__What to do__
Omit pictures and quote the listing below line by line, from its start through the line that holds "Mini Keychain Photo".

__The data__
###

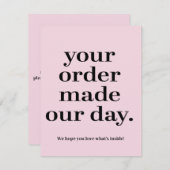 UW BESTELLING MAAKTE ONZE DAG BEDRIJFSENCLOSURE KA INFORMATIEKAARTJE (Voorkant / Achterkant)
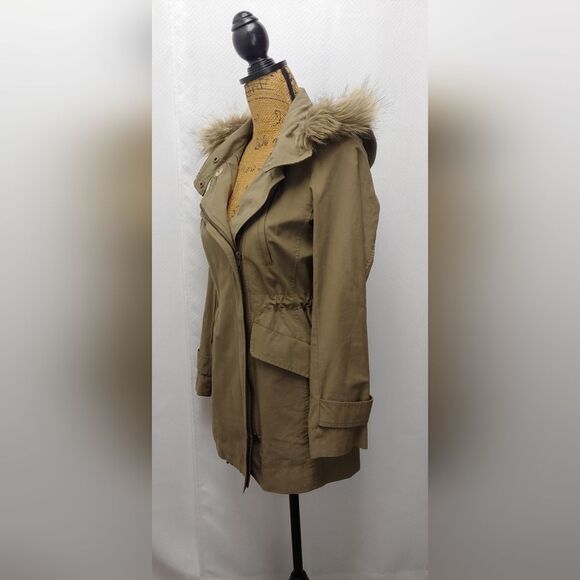 Loft Fur Hood Zip-up Parka Anorak Jacket Sz XSP 19" Pit to Pit - Picture 3 of 13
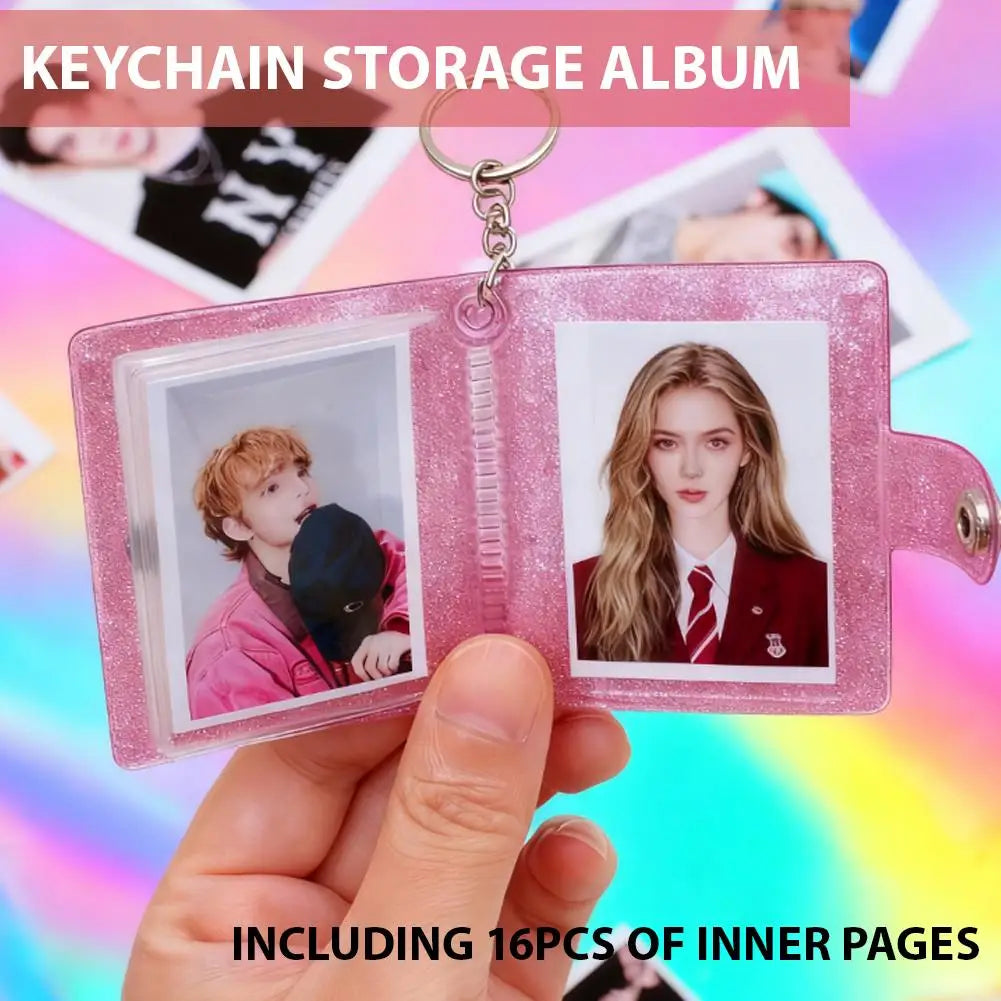 Mini Keychain Photo Album – 16 Pocket 1-Inch Card Holder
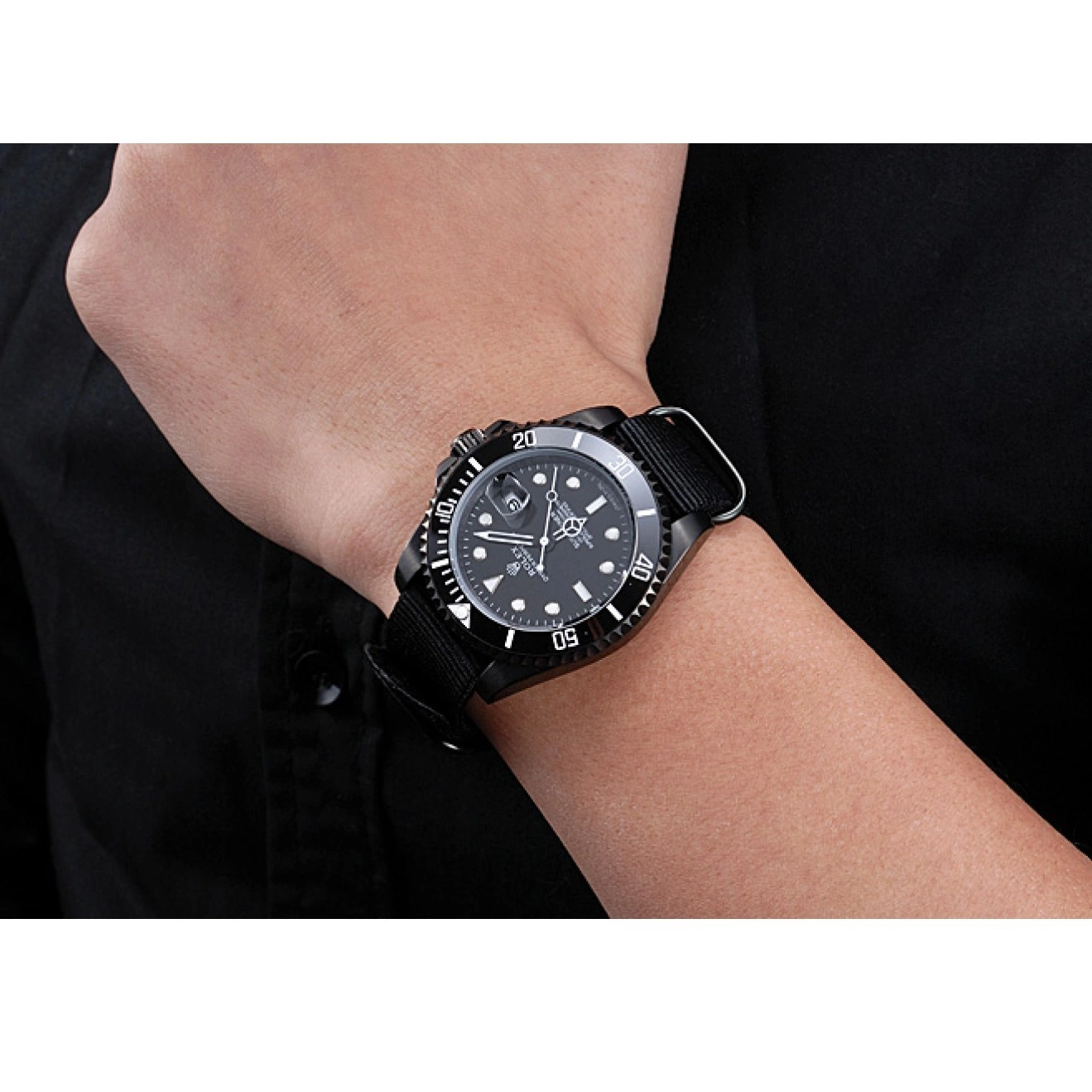 Aaa replica Rolex Strap Submariner Black Nylon 622006 0224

###

__Output for this exercise__
 UW BESTELLING MAAKTE ONZE DAG BEDRIJFSENCLOSURE KA INFORMATIEKAARTJE (Voorkant / Achterkant)
 Loft Fur Hood Zip-up Parka Anorak Jacket Sz XSP 19" Pit to Pit - Picture 3 of 13
 Mini Keychain Photo Album – 16 Pocket 1-Inch Card Holder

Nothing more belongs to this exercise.